Goal of the exercise: Starting at the line that contains "Product slide 1", print each line exactly through the end of the listing. Skip any pictures and add nothing.
**** Provided data ****
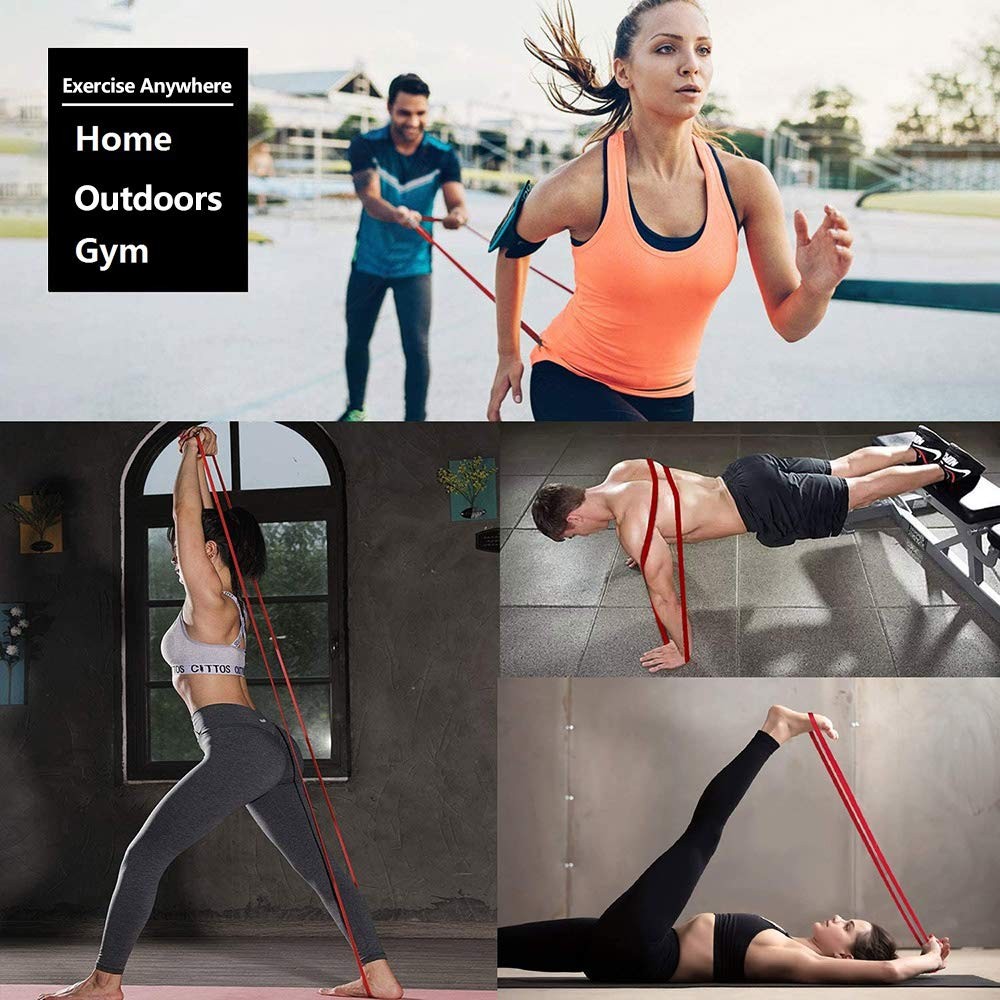 Pull-Up Bands Resistance-Bands Exercise-Bands - Pull up Assistance Bands Work...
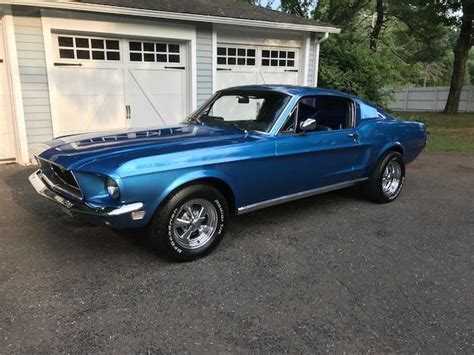 1968 Ford Mustang Fastback C Code Automatic Acapulco Blue For Sale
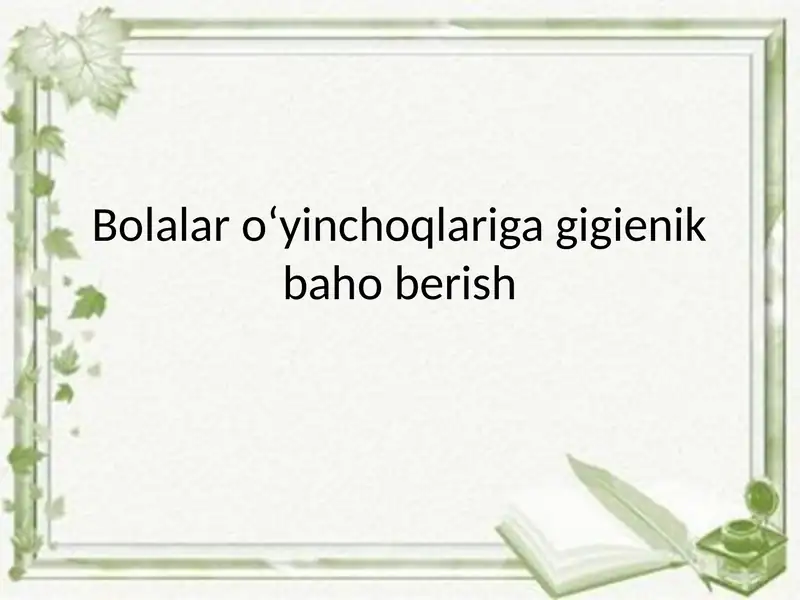 Product slide 1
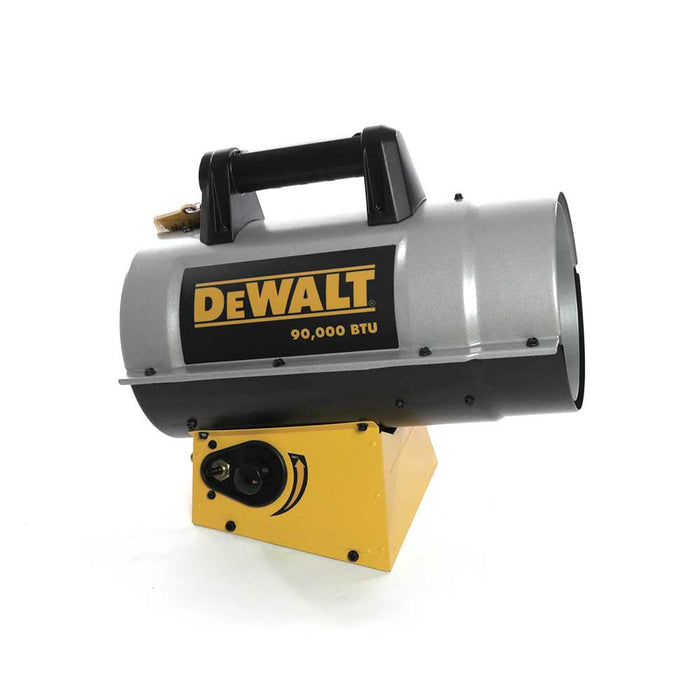 DEWALT Forced Air Heater, DXH90FAV, 50K/90K BTU/hr, Propane – F340715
****
Solution below:
 Product slide 1
 DEWALT Forced Air Heater, DXH90FAV, 50K/90K BTU/hr, Propane – F340715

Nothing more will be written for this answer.